Leonard (1989) ha investigado este tipo de comportamientos en niños normales y con TOC, encontrando que el contenido, intensidad y distribución de rituales y supersticiones diferían considerablemente en ambos grupos. Los rituales relacionados con el desarrollo aluden a la repetición de ciertos actos tales como, pedir agua varias veces a la hora de ir a dormir, caminar sin pisar rayo, contar números que dan suerte y colocar cosas derechos; son más intensos entre los 3-8 años de edad, facilitan al niño el proceso de socialización, lo ayudan a controlar la ansiedad y a progresar en su desarrollo. Contrariamente, los rituales obsesivo-compulsivos son incapacitantes y angustiosos: están relacionados con el lavado excesivo, la comprobación, el coleccionismo (no muy frecuente) y la repetición; suelen persistir más allá de la adolescencia y provocan el aislamiento social y una conducta regresiva.
Leonard concluye que los fenómenos obsesivo-compulsivos muestran una clara discontinuidad respecto a los fenómenos evolutivos y parecen estar relativamente libres de influencias culturales. Sugiere que sus datos son más compatibles con una explicación neuroetológica del trastorno aunque existe una cierta influencia ambiental-cultural en su manifestación.
En general, la mayoría de las clasificaciones que se han propuesto sobre el TOC suelen proporcionar información relativo al contenido, forma y frecuencia de obsesiones y compulsiones, considerándolos, bien por separado, como Foa y Steketee (1979) o, conjuntamente, como hace Marks (1987).
En los sujetos adultos, los pensamientos obsesivos más frecuentes suelen estar relacionados con la suciedad, los gérmenes y la contaminación o con la posibilidad de generar algún daño a uno mismo o a los demás y, en menor frecuencia, con temas sexuales, religiosos o filosóficos (Marks, 1987; Akintar y otros, 1975; Dowson, 1977).
En cuanto a los rituales, parece existir un gran acuerdo respecto a que el lavado y limpieza es la forma más común, afectando aproximadamente a un 50 % de las personas que padecen el trastorno, seguido de los rituales de "repetición", consistentes en ejecutar una determinada acción un número mágico de veces, y cuya frecuencia parece situarse en torno al 38 % (Marks, 1987). Otras categorías menos comunes incluyen rituales del orden (9 %) o el coleccionismo (2 %).
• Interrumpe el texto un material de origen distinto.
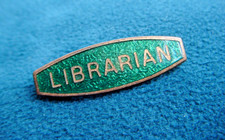 Vintage green enamel LIBRARIAN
A fin de establecer una guía para el tratamiento a seguir, Marks (1981, 1987) ha propuesto clasificar los trastornos obsesivo-compulsivos en tres amplias categorías, rituales compulsivos con obsesiones, obsesiones sin rituales manifiestos (rumiaciones) y lentitud compulsiva sin rituales visibles. La primera es la manifestación más frecuente, entre un 69 % a un 94 % de los pacientes obsesivo-compulsivos ejecutan actos compulsivos combinados con pensamientos obsesivos generalmente relacionados con ellos. los obsesiones puras sin rituales son infrecuentes (16 %) e igualmente ocurre con la tercera categoría, lentitud, cuya incidencia se estipula en torno al 10 % (Insel y otros, 1985).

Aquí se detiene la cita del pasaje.